_Assignment_: Each line of the data below that holds the word "Chapter" is to be reported in full.

_Records for the exercise_:
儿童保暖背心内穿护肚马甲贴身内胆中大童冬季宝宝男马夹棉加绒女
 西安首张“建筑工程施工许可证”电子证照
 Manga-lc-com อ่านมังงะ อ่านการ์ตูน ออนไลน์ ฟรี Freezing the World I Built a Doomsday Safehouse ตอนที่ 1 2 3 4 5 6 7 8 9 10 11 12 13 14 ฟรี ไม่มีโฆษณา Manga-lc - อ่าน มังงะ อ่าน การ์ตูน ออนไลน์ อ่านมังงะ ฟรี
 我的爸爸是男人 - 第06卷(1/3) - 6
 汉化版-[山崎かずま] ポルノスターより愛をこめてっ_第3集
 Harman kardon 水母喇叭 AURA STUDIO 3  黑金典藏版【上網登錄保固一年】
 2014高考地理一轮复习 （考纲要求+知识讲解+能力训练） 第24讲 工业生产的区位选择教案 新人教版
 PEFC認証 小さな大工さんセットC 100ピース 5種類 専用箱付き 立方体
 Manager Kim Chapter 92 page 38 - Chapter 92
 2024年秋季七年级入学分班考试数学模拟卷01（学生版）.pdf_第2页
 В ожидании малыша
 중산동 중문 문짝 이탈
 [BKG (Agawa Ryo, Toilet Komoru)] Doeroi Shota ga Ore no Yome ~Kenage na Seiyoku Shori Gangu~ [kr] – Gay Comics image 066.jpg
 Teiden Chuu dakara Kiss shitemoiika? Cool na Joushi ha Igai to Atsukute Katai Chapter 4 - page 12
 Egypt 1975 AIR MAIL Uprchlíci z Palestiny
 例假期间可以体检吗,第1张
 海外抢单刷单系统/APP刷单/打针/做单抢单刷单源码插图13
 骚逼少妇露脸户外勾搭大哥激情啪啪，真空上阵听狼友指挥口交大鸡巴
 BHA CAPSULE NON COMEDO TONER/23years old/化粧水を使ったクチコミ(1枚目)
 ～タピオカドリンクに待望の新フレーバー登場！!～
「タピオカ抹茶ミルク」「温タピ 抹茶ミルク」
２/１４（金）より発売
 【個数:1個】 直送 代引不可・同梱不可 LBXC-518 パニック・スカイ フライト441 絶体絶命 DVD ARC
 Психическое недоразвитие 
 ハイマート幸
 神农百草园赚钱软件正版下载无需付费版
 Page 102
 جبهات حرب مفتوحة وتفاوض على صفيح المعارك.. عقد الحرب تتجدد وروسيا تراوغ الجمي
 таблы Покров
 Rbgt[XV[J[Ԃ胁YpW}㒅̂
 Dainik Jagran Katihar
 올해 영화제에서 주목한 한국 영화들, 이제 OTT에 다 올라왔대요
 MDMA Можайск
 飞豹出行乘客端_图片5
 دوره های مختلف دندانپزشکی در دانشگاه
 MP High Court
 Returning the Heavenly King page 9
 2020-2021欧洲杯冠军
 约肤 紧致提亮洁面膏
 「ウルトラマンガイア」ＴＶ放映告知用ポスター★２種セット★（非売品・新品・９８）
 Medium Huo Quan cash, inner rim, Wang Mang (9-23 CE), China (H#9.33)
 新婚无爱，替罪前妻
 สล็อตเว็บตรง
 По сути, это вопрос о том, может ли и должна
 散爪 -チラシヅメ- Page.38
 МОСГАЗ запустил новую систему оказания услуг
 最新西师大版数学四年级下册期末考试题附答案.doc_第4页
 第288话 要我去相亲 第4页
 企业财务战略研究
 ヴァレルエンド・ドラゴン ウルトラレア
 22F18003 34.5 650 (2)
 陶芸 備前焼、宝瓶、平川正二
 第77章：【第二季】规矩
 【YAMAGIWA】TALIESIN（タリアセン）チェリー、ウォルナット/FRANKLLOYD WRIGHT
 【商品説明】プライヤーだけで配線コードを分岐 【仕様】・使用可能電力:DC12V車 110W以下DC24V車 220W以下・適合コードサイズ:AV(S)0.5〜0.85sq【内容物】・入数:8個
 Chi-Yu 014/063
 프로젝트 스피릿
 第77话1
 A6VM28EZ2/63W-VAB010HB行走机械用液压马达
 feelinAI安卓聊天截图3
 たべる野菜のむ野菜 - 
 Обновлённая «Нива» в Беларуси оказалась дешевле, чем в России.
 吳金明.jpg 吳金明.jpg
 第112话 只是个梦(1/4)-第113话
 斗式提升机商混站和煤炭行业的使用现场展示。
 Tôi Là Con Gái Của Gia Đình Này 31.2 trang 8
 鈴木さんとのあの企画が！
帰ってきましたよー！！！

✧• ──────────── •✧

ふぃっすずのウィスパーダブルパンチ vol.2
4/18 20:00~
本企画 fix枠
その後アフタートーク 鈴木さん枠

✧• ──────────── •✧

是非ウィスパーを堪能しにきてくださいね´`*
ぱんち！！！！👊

_Answer for the task_:
 Manager Kim Chapter 92 page 38 - Chapter 92
 Teiden Chuu dakara Kiss shitemoiika? Cool na Joushi ha Igai to Atsukute Katai Chapter 4 - page 12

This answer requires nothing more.